**What you will do:**
Below are some records. Return exactly the lines from the one with "vidaXL TV-Schrank TV-Schrank" to the one with "floral inconsútil", and nothing else.

**Data provided:**
━━━

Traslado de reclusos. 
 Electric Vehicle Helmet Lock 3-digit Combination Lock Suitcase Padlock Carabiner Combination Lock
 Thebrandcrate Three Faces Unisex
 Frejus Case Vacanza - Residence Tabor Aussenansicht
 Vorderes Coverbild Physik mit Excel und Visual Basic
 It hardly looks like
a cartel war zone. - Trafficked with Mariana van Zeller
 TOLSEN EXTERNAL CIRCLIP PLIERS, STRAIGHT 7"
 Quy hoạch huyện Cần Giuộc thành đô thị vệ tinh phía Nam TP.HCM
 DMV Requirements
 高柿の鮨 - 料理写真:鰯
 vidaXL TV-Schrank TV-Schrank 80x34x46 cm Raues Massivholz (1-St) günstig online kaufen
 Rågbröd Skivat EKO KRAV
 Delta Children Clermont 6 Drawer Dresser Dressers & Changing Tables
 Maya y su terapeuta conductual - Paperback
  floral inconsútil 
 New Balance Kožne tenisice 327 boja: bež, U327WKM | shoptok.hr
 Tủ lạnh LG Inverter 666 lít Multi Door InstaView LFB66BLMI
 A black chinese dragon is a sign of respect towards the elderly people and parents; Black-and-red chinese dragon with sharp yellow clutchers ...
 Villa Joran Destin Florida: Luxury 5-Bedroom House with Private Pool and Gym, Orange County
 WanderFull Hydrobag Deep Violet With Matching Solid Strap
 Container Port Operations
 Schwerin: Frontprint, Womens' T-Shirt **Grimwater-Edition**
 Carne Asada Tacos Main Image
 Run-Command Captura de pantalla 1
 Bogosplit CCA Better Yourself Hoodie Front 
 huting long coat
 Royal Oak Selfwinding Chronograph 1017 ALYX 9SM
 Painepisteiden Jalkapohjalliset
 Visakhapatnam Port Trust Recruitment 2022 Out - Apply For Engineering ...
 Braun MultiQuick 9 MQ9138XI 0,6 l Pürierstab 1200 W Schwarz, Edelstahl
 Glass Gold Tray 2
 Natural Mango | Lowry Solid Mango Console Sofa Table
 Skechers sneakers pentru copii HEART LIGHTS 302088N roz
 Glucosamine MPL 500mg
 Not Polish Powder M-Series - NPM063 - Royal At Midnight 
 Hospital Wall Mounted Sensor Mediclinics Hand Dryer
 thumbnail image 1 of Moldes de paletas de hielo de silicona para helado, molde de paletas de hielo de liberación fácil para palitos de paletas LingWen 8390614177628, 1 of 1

━━━

**Result for this task:**
 vidaXL TV-Schrank TV-Schrank 80x34x46 cm Raues Massivholz (1-St) günstig online kaufen
 Rågbröd Skivat EKO KRAV
 Delta Children Clermont 6 Drawer Dresser Dressers & Changing Tables
 Maya y su terapeuta conductual - Paperback
  floral inconsútil 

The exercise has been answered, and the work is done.